Anti-semi-join handles WHERE ... NOT IN /NOT EXISTS queries. The EXPLAINs below show that Batched Key Access will be used together with anti-semi-join. (I haven't run any benchmarks, though). So, upgrading to MySQL 8 will solve the issue?
Test data: https://gist.github.com/spetrunia/9e25fc21b75bfdda2c98fbabfa8d9182
mysql> set optimizer_switch='mrr=on,mrr_cost_based=off,batched_key_access=on';
mysql> explain SELECT * FROM t1 WHERE id NOT IN (SELECT id FROM t2)\G
*************************** 1. row ***************************
id: 1
select_type: SIMPLE
table: t1
partitions: NULL
type: index
possible_keys: NULL
key: PRIMARY
key_len: 8
ref: NULL
rows: 0
filtered: 0.00
Extra: Using index
*************************** 2. row ***************************
id: 1
select_type: SIMPLE
table: t2
partitions: NULL
type: eq_ref
possible_keys: PRIMARY
key: PRIMARY
key_len: 8
ref: j1.t1.id
rows: 1
filtered: 100.00
Extra: Using where; Not exists; Using index; Using join buffer (Batched Key Access)

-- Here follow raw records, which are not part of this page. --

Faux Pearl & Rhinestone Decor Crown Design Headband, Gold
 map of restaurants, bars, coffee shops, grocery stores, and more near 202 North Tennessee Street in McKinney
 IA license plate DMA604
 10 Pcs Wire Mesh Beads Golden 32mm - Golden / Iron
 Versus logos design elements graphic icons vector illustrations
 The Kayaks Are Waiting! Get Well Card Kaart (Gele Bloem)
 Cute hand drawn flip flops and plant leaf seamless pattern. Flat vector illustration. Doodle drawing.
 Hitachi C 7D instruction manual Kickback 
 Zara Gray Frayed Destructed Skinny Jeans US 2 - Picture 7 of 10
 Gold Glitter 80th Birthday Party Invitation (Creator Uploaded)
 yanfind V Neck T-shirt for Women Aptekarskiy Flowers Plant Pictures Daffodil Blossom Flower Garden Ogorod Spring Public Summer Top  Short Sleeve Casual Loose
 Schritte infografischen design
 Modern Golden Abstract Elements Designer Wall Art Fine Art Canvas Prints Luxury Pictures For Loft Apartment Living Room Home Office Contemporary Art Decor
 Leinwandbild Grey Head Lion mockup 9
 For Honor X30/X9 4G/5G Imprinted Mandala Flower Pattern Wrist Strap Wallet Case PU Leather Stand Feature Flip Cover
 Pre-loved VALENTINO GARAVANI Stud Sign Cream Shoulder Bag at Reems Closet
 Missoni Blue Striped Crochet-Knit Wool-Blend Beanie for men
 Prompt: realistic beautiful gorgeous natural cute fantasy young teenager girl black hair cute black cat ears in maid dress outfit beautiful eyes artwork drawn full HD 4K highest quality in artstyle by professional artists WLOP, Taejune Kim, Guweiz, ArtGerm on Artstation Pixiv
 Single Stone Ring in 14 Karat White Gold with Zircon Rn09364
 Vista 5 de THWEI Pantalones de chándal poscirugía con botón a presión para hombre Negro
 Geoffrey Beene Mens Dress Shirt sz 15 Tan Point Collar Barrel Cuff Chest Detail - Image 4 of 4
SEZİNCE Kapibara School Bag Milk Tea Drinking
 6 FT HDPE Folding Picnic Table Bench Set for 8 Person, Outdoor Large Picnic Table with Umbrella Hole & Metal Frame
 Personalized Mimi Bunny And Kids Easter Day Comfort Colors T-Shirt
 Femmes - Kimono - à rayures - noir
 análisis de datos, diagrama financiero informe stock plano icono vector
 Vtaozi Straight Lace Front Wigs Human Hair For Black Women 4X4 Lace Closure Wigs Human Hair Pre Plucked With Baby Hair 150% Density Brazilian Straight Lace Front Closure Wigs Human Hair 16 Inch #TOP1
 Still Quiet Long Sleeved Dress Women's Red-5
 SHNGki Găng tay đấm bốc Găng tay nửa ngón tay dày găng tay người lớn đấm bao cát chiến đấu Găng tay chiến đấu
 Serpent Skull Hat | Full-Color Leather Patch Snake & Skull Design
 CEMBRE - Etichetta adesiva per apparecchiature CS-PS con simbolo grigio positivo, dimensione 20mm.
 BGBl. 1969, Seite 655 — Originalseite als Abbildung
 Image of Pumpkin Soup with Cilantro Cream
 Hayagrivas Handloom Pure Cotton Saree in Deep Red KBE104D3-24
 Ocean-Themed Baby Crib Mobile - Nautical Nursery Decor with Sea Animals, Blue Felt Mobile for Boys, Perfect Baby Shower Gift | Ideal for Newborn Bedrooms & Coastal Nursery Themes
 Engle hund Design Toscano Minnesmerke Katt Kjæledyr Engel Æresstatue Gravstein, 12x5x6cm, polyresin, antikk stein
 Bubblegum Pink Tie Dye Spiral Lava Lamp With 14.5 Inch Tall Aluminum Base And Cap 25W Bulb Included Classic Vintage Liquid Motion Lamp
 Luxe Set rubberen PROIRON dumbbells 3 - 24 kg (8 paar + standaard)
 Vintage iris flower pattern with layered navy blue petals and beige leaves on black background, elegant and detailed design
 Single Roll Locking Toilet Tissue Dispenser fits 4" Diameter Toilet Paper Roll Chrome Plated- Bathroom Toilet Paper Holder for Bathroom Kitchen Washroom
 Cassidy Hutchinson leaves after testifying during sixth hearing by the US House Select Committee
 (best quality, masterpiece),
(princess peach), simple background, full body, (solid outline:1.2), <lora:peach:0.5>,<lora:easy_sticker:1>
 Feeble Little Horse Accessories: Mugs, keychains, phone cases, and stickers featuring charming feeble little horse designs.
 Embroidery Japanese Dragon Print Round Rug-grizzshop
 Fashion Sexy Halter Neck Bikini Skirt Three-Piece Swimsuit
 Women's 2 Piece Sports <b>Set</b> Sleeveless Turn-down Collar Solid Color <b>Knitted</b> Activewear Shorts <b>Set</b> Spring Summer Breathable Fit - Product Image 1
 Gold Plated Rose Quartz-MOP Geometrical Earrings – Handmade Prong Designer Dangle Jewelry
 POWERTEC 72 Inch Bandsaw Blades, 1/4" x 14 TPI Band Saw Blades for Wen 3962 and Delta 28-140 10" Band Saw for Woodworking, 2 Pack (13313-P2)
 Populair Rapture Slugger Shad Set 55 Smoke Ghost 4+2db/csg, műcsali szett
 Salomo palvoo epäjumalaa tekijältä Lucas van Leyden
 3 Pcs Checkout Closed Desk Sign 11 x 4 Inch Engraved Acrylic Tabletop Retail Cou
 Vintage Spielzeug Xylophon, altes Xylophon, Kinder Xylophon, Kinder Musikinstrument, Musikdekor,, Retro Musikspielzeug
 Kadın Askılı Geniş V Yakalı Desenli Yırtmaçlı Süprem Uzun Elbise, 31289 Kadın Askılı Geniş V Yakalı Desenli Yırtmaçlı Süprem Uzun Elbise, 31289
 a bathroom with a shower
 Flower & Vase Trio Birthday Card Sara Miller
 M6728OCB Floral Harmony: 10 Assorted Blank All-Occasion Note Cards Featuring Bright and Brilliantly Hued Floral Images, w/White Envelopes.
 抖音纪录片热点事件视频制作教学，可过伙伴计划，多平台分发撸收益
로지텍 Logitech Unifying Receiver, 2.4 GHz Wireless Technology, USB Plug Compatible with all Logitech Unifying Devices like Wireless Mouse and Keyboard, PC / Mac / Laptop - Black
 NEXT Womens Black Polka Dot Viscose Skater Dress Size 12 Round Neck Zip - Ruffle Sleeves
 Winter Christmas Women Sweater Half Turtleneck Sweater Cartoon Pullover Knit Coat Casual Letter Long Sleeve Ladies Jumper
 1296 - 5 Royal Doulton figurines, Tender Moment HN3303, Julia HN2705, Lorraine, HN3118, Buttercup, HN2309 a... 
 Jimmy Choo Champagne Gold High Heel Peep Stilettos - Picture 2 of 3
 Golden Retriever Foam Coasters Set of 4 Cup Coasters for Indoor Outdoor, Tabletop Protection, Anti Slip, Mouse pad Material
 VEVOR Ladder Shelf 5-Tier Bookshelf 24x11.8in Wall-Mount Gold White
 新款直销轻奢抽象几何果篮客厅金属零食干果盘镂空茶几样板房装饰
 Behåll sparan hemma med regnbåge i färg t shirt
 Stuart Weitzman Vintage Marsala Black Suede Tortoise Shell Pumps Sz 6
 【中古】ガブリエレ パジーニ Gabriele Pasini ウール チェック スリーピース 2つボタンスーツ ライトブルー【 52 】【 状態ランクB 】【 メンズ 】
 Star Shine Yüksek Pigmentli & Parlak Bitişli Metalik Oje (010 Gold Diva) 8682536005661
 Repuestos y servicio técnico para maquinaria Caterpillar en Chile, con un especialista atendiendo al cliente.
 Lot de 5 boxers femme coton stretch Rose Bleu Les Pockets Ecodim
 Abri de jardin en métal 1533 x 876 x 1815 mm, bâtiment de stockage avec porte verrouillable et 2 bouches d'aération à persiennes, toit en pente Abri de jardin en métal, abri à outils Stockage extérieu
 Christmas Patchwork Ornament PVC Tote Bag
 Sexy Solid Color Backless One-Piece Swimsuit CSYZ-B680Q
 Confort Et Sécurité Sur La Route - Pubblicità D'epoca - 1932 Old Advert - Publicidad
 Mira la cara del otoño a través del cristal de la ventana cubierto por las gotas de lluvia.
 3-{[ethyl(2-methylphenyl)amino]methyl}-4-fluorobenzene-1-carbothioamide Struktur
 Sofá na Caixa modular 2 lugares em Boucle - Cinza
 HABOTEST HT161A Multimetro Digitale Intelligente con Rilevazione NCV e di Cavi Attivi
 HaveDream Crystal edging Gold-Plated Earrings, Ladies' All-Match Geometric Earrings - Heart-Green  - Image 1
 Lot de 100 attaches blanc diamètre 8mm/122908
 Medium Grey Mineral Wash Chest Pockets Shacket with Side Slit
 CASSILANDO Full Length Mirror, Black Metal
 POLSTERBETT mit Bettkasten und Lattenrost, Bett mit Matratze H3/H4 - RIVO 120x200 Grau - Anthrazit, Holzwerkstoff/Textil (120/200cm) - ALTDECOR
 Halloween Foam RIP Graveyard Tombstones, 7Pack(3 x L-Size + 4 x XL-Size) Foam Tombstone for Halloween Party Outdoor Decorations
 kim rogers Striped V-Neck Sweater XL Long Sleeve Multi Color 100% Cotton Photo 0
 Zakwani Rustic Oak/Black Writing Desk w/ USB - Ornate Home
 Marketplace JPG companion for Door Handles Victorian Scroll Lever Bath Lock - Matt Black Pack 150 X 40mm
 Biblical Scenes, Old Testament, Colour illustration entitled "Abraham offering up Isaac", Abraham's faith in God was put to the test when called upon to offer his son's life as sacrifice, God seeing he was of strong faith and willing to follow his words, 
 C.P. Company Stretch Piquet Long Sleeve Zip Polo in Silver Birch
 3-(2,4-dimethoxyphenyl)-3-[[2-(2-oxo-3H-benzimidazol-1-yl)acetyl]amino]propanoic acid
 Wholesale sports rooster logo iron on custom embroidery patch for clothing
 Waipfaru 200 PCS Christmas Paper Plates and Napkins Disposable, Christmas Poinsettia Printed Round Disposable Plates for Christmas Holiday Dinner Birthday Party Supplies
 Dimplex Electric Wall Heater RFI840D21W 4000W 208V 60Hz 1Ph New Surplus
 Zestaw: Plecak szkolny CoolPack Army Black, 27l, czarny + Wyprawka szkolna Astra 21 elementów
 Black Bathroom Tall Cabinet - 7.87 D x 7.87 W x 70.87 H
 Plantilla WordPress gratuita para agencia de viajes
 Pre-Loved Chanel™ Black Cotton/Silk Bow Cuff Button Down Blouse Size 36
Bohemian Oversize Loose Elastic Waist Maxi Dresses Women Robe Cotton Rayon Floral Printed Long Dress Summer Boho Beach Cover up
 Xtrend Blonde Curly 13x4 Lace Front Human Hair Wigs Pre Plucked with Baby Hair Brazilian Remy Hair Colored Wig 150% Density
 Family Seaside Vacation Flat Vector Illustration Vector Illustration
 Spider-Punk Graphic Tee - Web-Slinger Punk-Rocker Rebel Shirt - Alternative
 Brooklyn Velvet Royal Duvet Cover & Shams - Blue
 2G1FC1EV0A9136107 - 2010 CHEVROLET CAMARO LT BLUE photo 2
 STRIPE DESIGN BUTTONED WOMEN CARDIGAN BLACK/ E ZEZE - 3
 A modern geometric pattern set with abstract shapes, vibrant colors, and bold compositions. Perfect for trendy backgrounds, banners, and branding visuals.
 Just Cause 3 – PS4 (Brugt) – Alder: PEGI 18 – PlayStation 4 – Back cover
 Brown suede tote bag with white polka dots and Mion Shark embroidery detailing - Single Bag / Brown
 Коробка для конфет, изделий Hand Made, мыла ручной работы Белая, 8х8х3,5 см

2 rows in set, 1 warning (0.00 sec)
mysql> explain SELECT * FROM t1 WHERE NOT EXISTS (SELECT id FROM t2 WHERE t1.id=t2.id)\G
*************************** 1. row ***************************
id: 1
select_type: SIMPLE
table: t1
partitions: NULL
type: index
possible_keys: NULL
key: PRIMARY
key_len: 8
ref: NULL
rows: 3203
filtered: 100.00
Extra: Using index
*************************** 2. row ***************************
id: 1
select_type: SIMPLE
table: t2
partitions: NULL
type: eq_ref
possible_keys: PRIMARY
key: PRIMARY
key_len: 8
ref: j1.t1.id
rows: 1
filtered: 100.00
Extra: Using where; Not exists; Using index; Using join buffer (Batched Key Access)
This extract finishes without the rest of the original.